Description of the task:
Give the lines again exactly as they appear below, from the line with "Five 1939 D Silver Mercury Dimes" to the line with "Accesorio de corte", both included, and only those lines. Leave every picture out.

[[ Data extract, beginning ]]

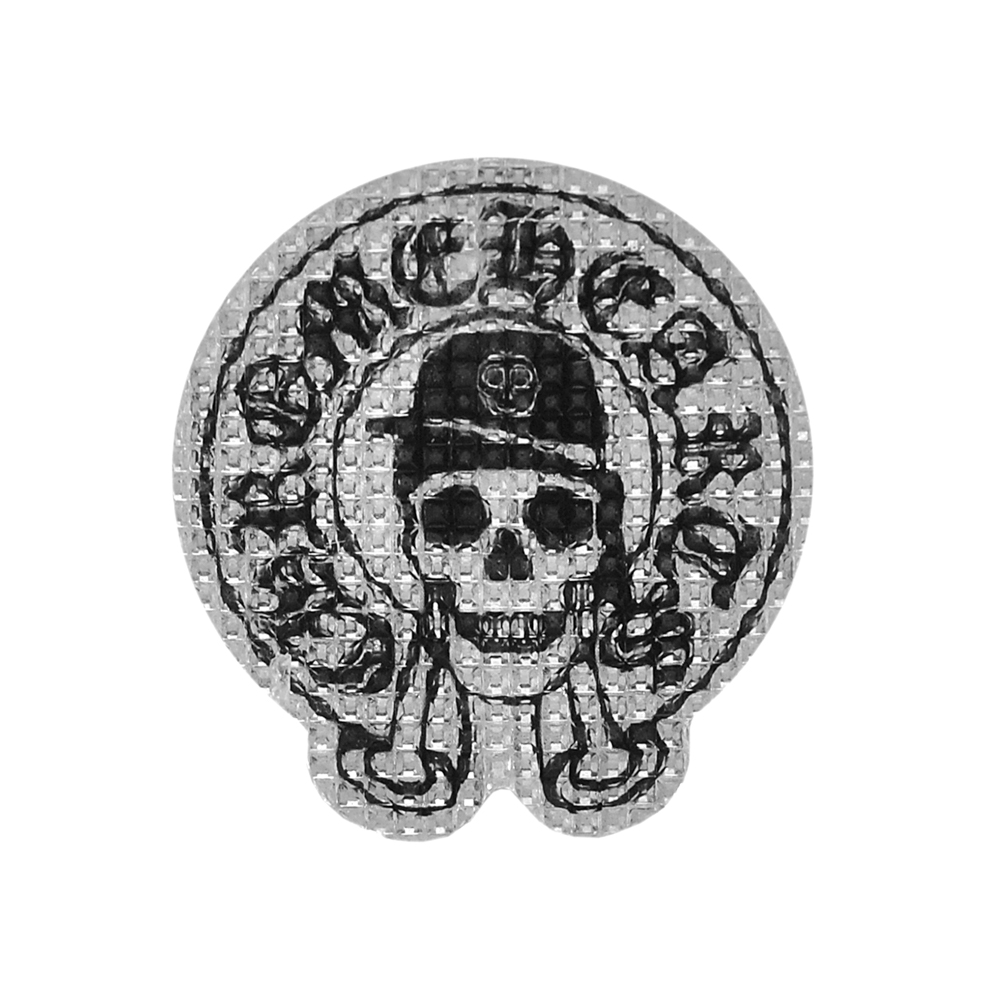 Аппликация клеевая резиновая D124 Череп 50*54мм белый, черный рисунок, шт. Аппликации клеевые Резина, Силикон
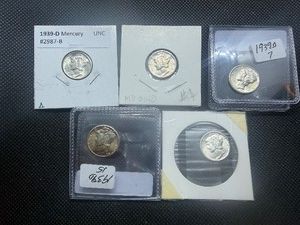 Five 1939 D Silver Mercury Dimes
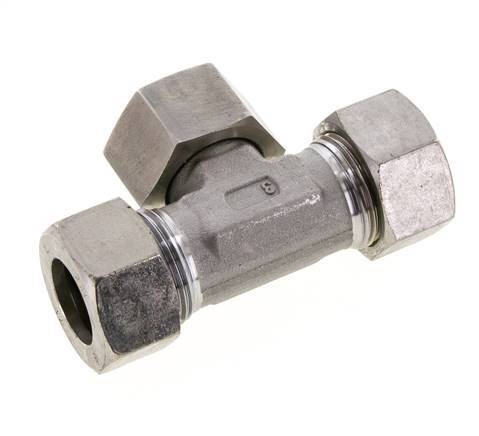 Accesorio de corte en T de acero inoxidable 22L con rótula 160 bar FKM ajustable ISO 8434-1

[[ Data extract, end ]]
[[ Data extract, beginning ]]

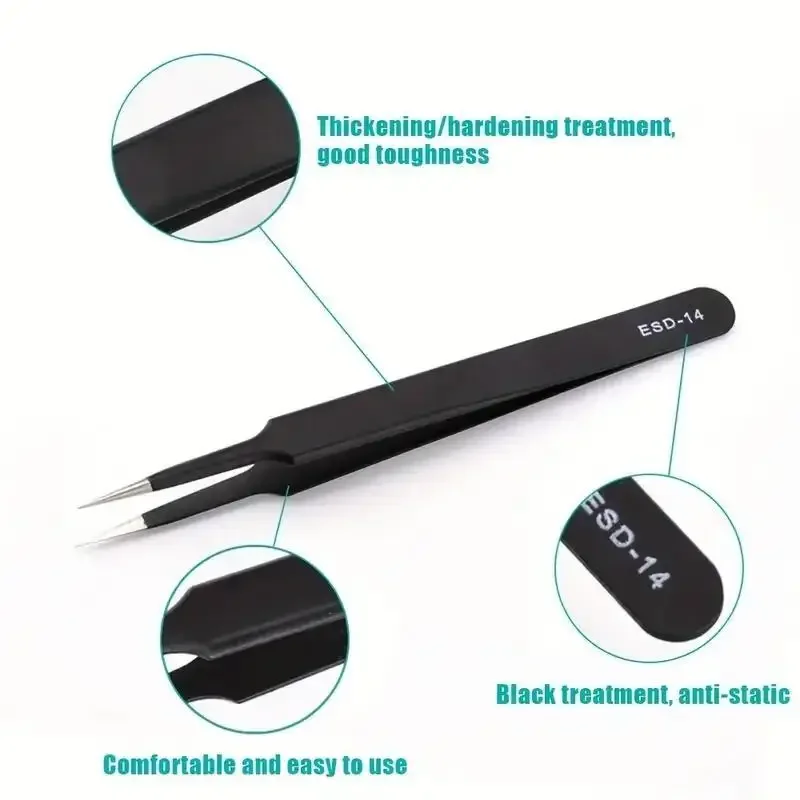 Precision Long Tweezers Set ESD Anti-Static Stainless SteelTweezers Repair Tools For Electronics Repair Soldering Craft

[[ Data extract, end ]]
[[ Data extract, beginning ]]

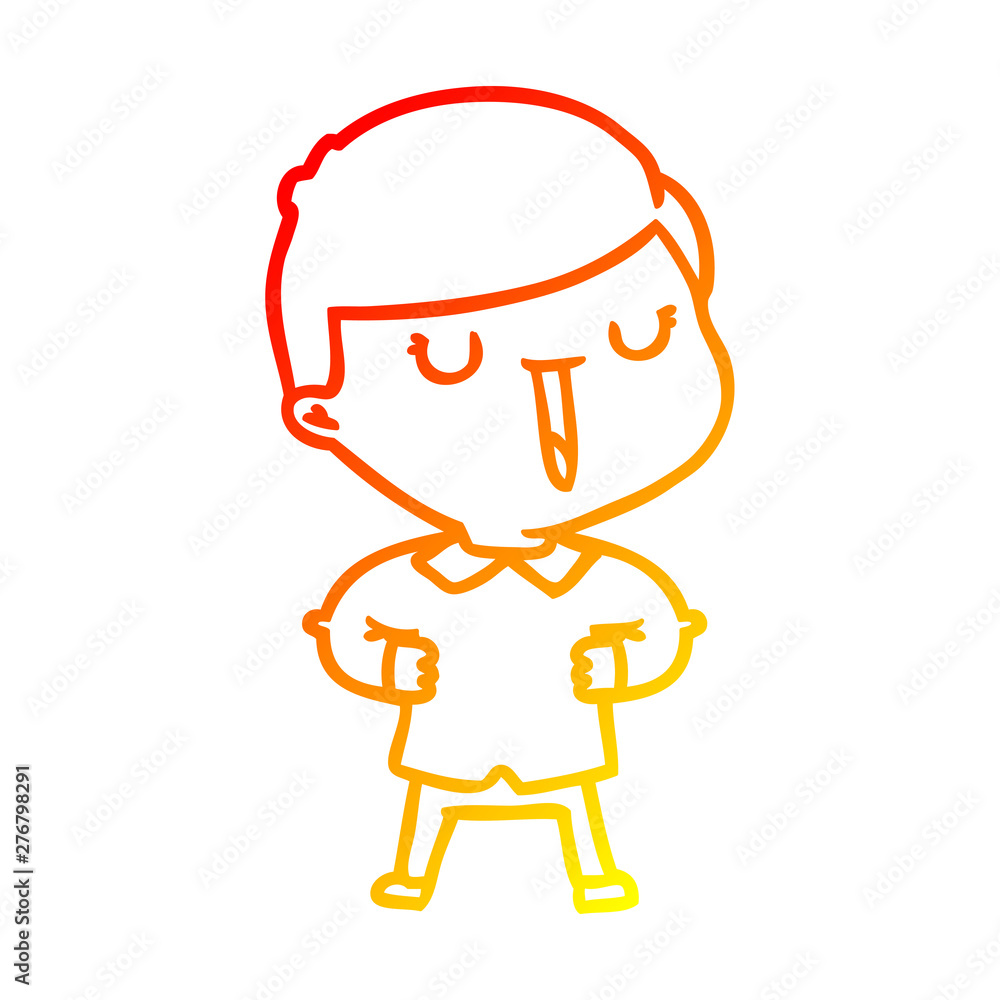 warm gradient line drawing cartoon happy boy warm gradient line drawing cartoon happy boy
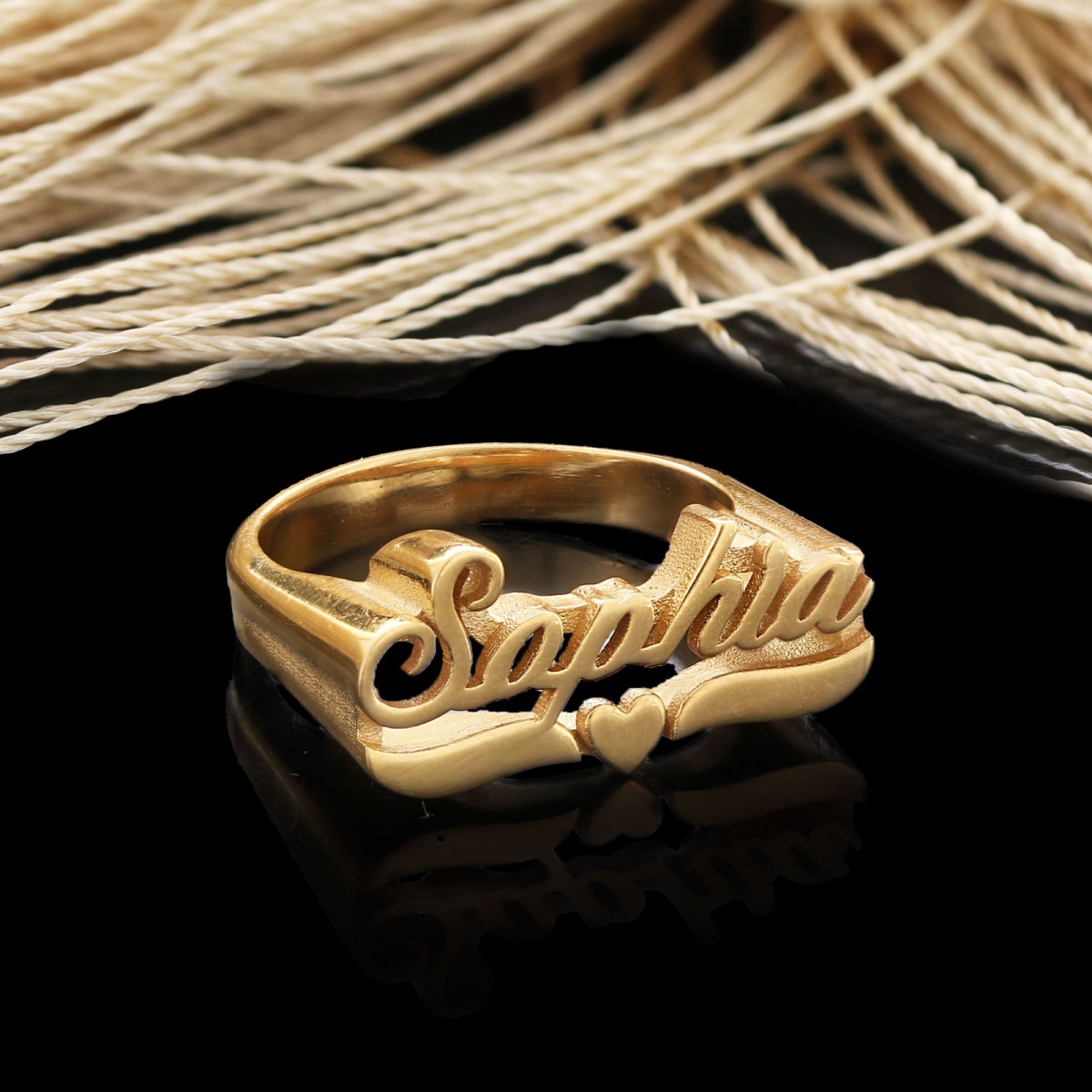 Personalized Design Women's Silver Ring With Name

[[ Data extract, end ]]

Expected answer:
 Five 1939 D Silver Mercury Dimes
 Accesorio de corte en T de acero inoxidable 22L con rótula 160 bar FKM ajustable ISO 8434-1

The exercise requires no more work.